*Required work*. Only the words of the entries are wanted, repeated exactly and without images.

Records excerpted from a collection
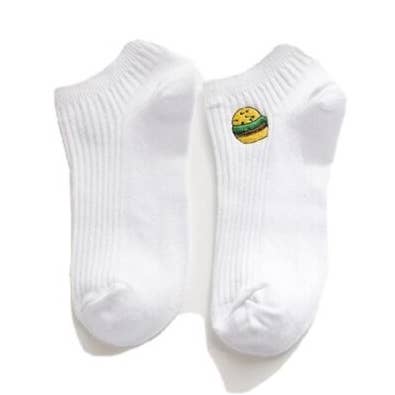 Burger broderede hvide sokker for engroshandel hos Fleur de lys collections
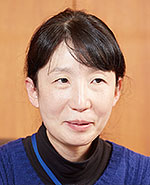 主任教諭・研究主任（2年生担任） 玉川 真希子 様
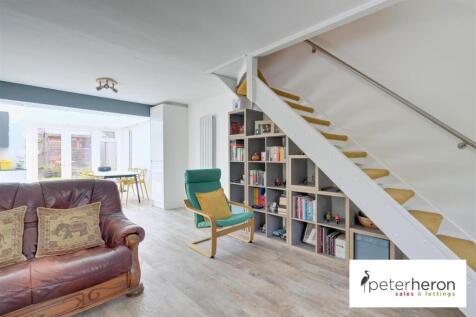Open Plan Living/Dining &amp; Kitchen Area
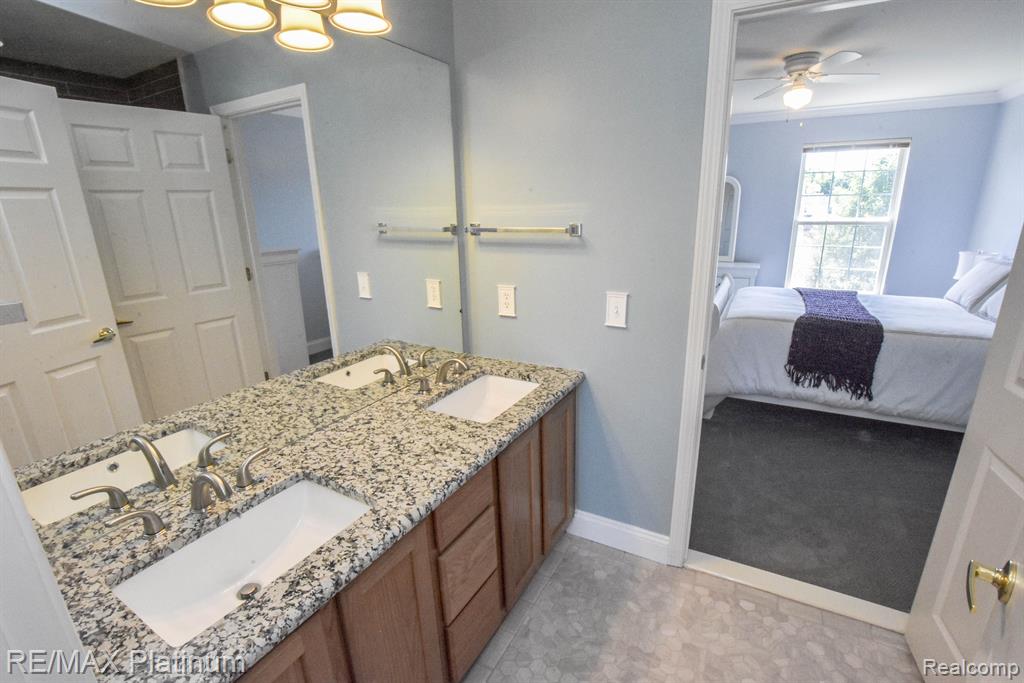 4237 MERRIMAN Loop, Howell, MI 48843 — Photo 41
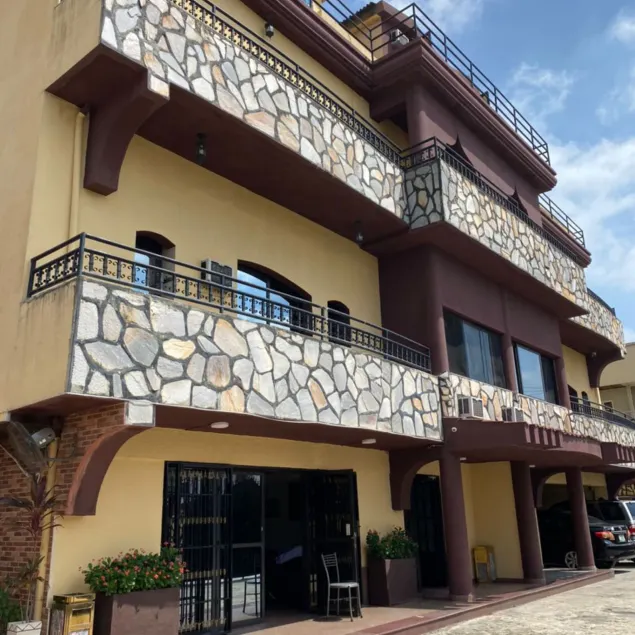 Carliza Hotel Lekki - Image 1
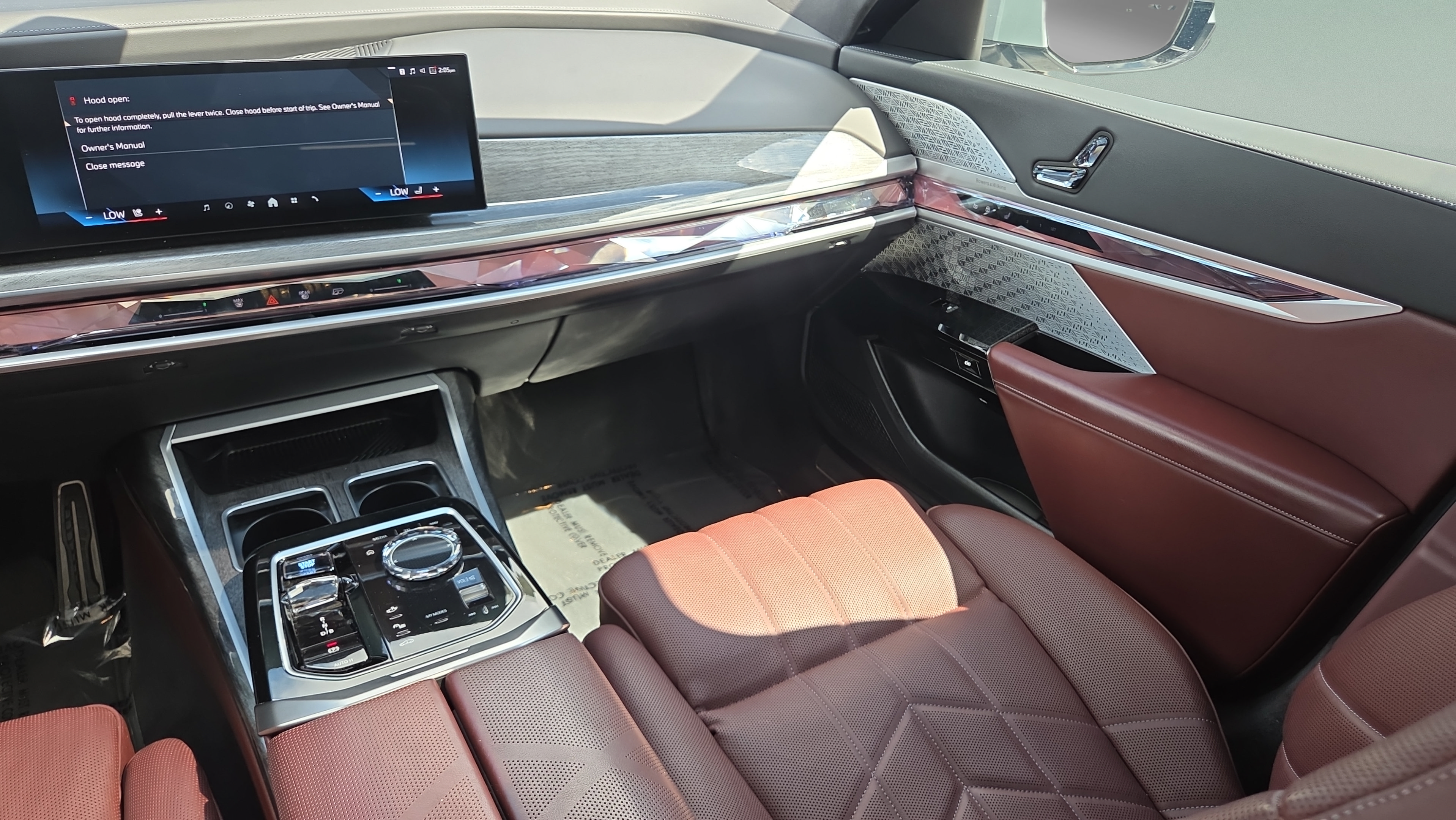 Certified 2023 BMW i7 xDrive60 AWD/4WD image 13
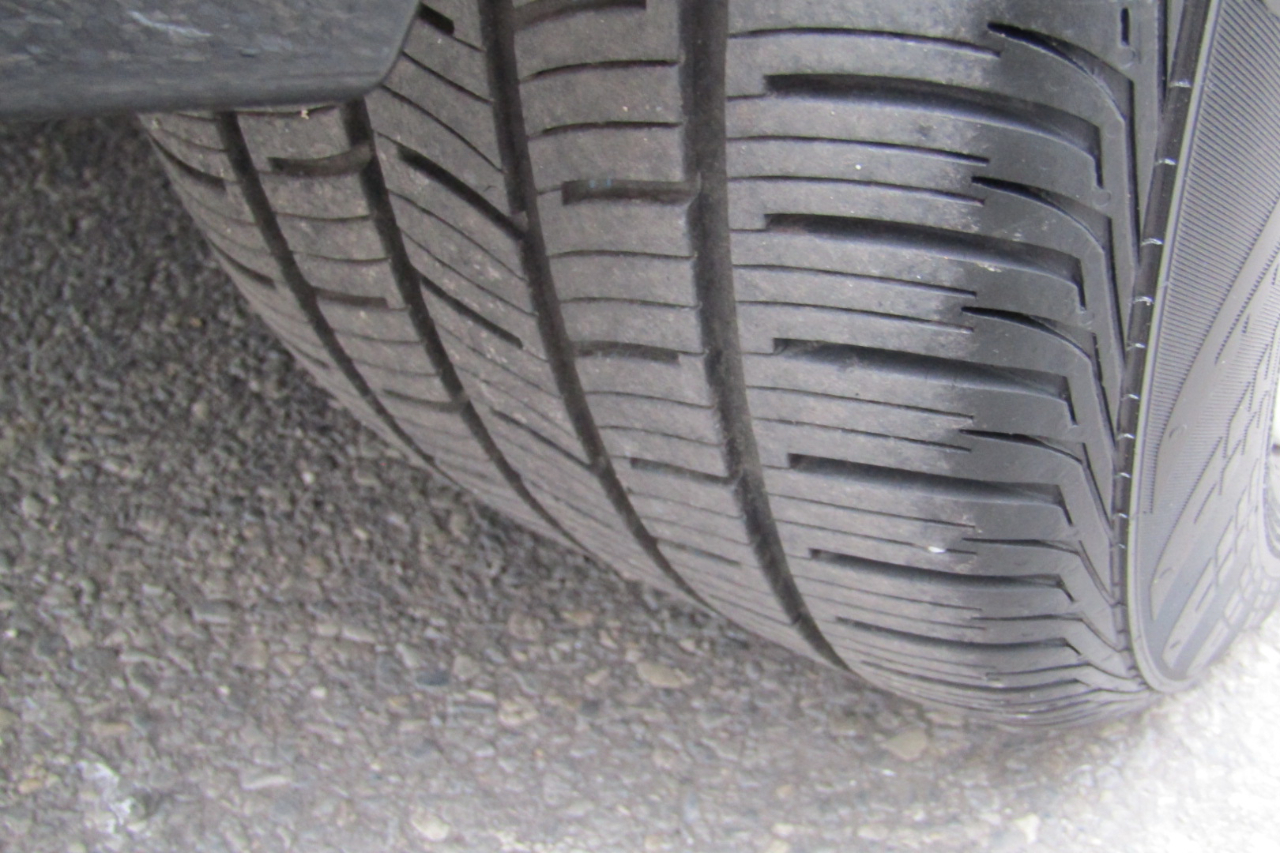 BMW 3 Series 4dr Sdn 328i xDrive AWD SULEV 2011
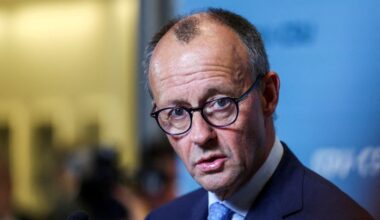 German opposition's chancellor candidate backs free trade talks with Trump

*Solution to this exercise*.
 Burger broderede hvide sokker for engroshandel hos Fleur de lys collections
 主任教諭・研究主任（2年生担任） 玉川 真希子 様
Open Plan Living/Dining &amp; Kitchen Area
 4237 MERRIMAN Loop, Howell, MI 48843 — Photo 41
 Carliza Hotel Lekki - Image 1
 Certified 2023 BMW i7 xDrive60 AWD/4WD image 13
 BMW 3 Series 4dr Sdn 328i xDrive AWD SULEV 2011
 German opposition's chancellor candidate backs free trade talks with Trump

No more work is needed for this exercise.